Para lo que este momento sí puede ayudarnos es para desbloquear nuestro imaginario colectivo y comenzar a construir una transición planificada hacia un sistema post-capitalista. En palabras de la antropóloga ecofeminista Yayo Herrero, debemos replantearnos la organización material de nuestra sociedad que actualmente está “en contra de la naturaleza de la que formamos parte y en contra de los vínculos y las relaciones que sostienen la vida”.

Con la propagación de la covid-19, estamos siendo testigos de cómo se adoptan algunas medidas que antes se calificaban como políticamente imposibles o se denunciaban como utópicas en un sentido peyorativo. Estamos viendo que cuando algo se reconoce como una crisis, muchas medidas se vuelven al instante posibles y deseables: la economía se puede regular, ciertos comportamientos sociales pueden limitarse, la sociedad puede cooperar, nuestras vidas pueden ralentizarse, el consumo material y el turismo depredador pueden reducirse.

A nivel personal y con un poco de resiliencia, si algo podemos sacar de la situación es el replanteamiento de qué es realmente necesario para llevar una vida plena y qué es, en realidad, innecesario. Volviendo al tweet de Milanovic, que habla del “temor acerca de la recesión mundial, los aviones que vuelan vacíos, el exceso de petróleo y los ingresos de todos en peligro”, a lo mejor es el momento de repensar, mientras estamos en cuarentena en nuestras casas observando cómo se para el mundo ante nosotros, si realmente necesitamos un crecimiento económico ilimitado, miles de aviones sobrevolando nuestros cielos a diario, industrias petroleras para las que nunca es suficiente y que nos llevan directos a la extinción de la vida sobre el planeta. Este replanteamiento supone ya un gran primer paso para el proyecto decrecentista.

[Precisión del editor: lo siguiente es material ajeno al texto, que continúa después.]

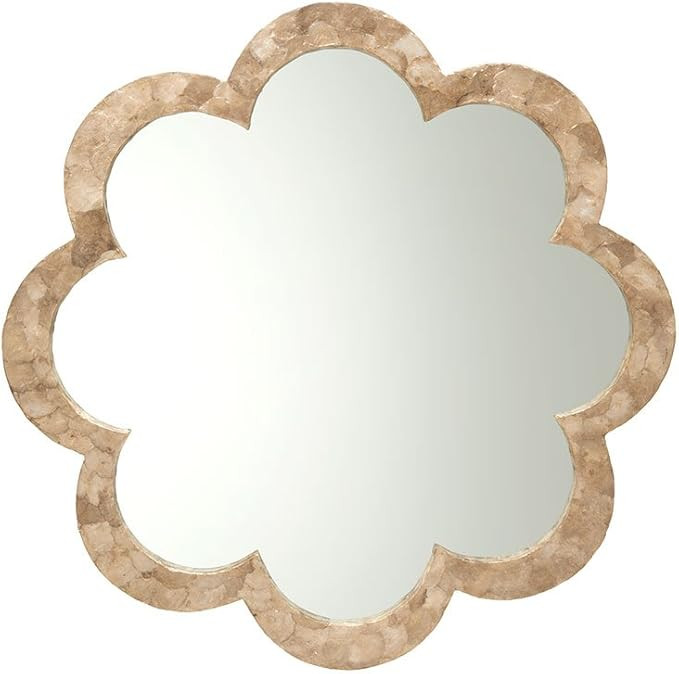 KOUBOO 1040127 Flower Capiz Seashell Wall Mirror, Gold | Amazon (US)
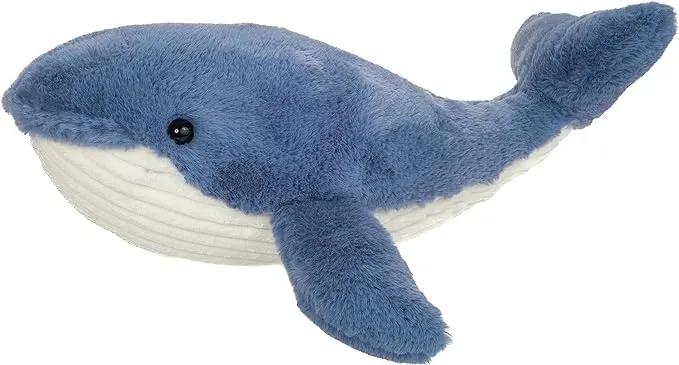 Baleine en Peluche Bleue 44cm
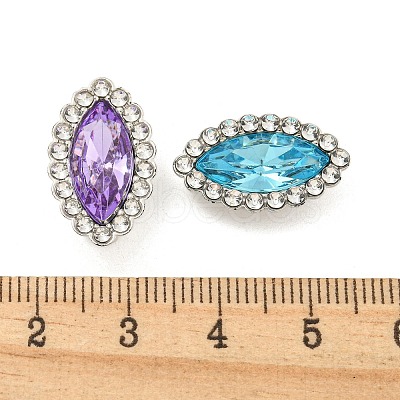 Acrylic Rhinetsone Cabochons FIND-C054-10P-1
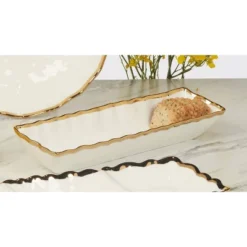 Certified International Regency Cracker Tray Gold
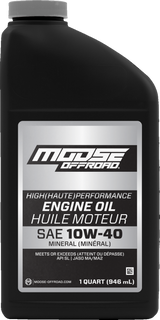MOOSE OFFROAD Mineral Oil - 10W40 - 1 US quart 219379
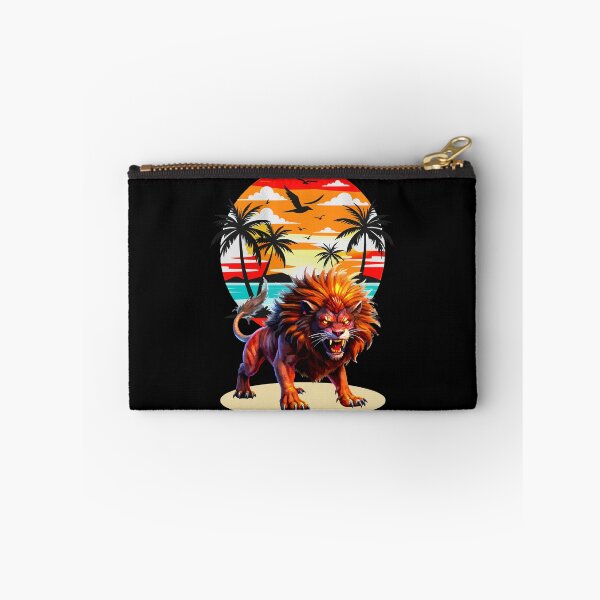 Item preview, Ferocious Lion in Tropical Paradise designed and sold by VikArtStudio.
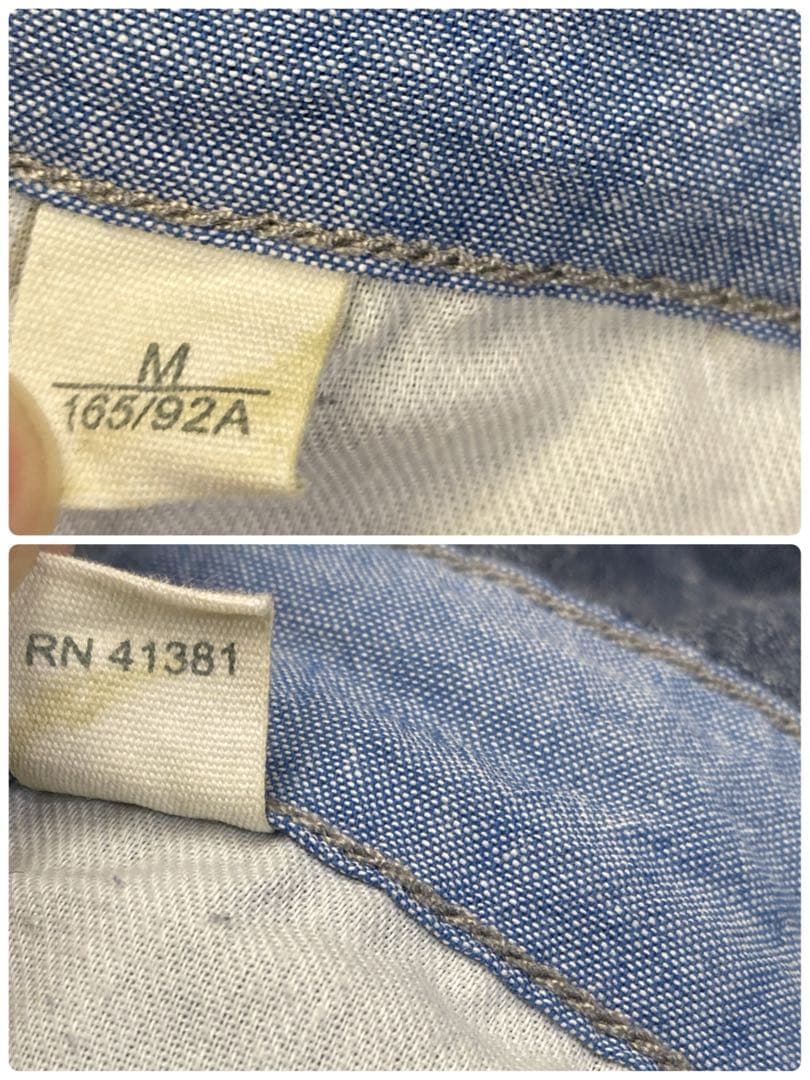 デニム&サプライ ラルフローレンジャンプスーツ オールインワン デニム 紺 M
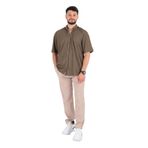 BRANGO Erkek Slim Fit Pantolon, Taş, 33 Beden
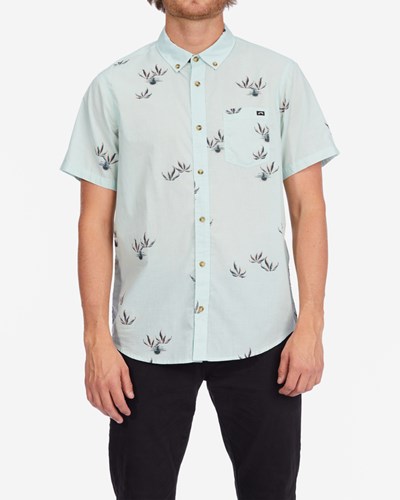 Billabong Sundays Mini Krátké Sleeve Shirt Seamist | NAWTJK-247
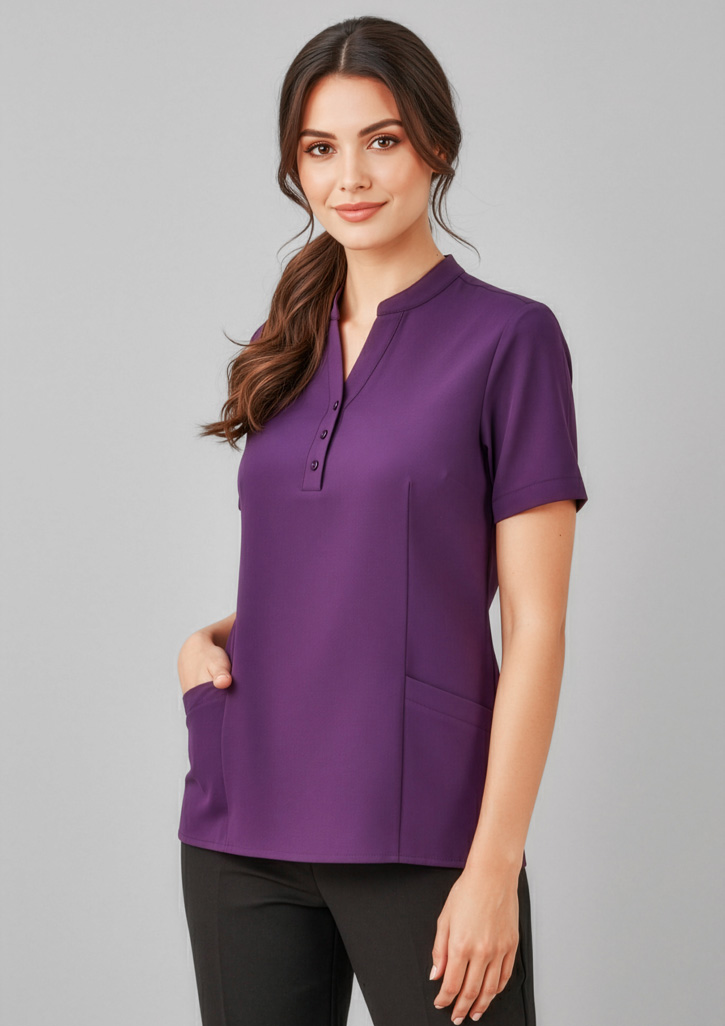Florence Womens Plain Tunic - Image 8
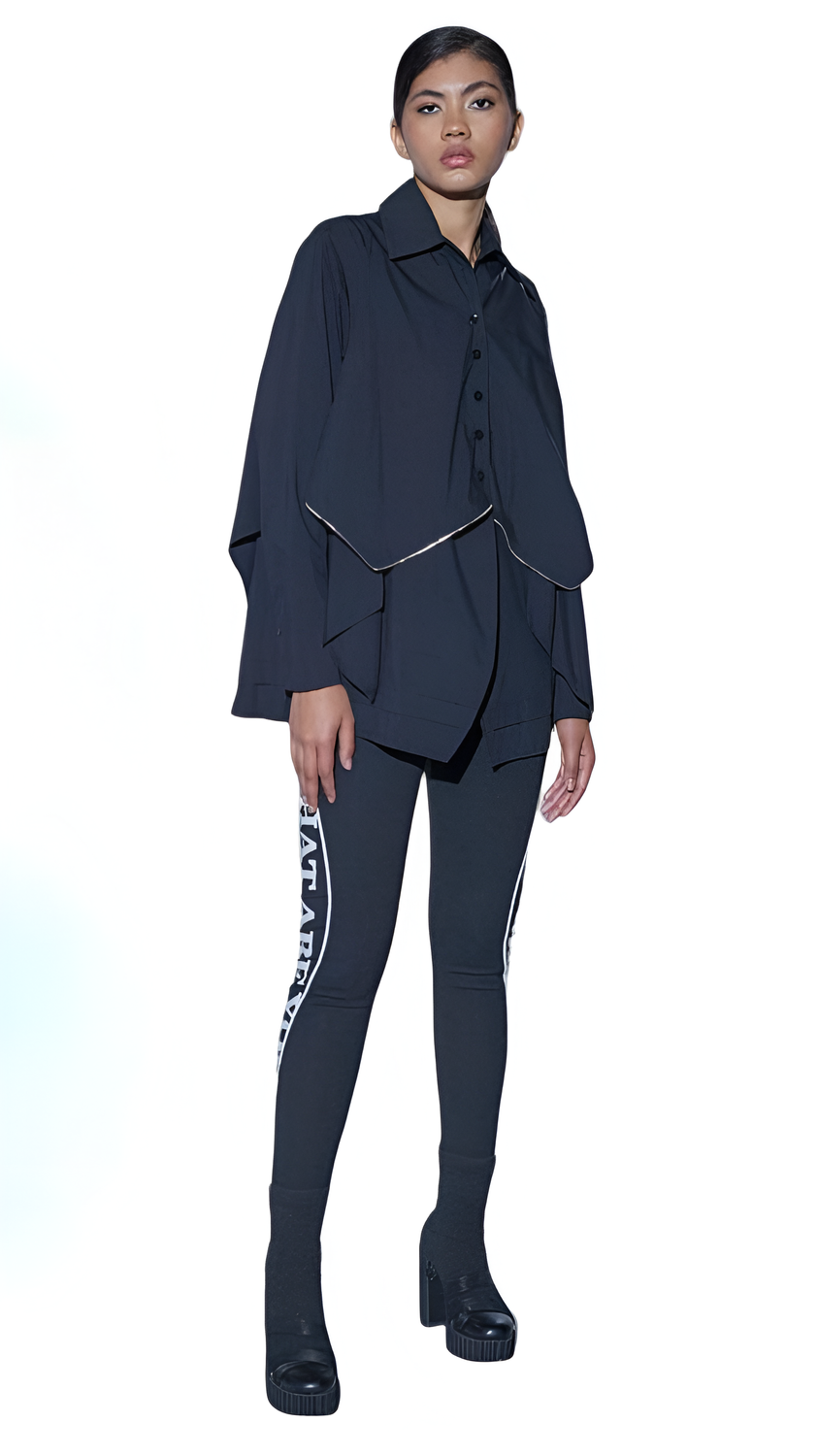 High-Waisted Graphic Leggings – Bold Second-Skin Fit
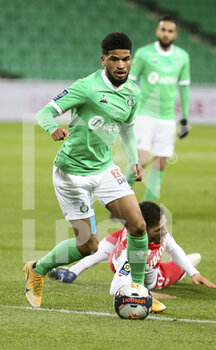 2021-03-19 - Mahdi Camara of Saint-Etienne during the French championship Ligue 1 football match between AS Saint-Etienne (ASSE) and AS Monaco (ASM) on March 19, 2021 at Stade Geoffroy Guichard in Saint-Etienne, France - Photo Jean Catuffe / DPPI - AS SAINT-ETIENNE (ASSE) AND AS MONACO (ASM) - FRENCH LIGUE 1 - SOCCER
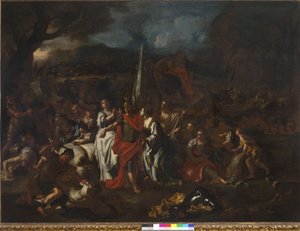 David vainqueur des Amalécites, 1720-21 - Francesco Solimena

En definitiva, la pandemia del coronavirus tan solo ha hecho aún más visible la fragilidad, la insostenibilidad, la injusticia y la desigualdad inherentes al actual sistema económico mundial que sigue las reglas del capitalismo neoliberal. Pero también ha desatado emociones que, si las encaminamos adecuadamente, pueden conducirnos a reflexiones fructíferas que generen las condiciones necesarias para una transición sistémica, consciente y planificada hacia una sociedad decrecentista, en la que se produzca y se consuma menos, pero en la que disfrutemos de mayor bienestar, más tiempo de ocio, más cuidados, más introspección, más vínculos sociales. Ojalá, asomados a nuestras ventanas, plantemos las semillas de un cambio sistémico que nos haga, realmente, florecer como sociedades.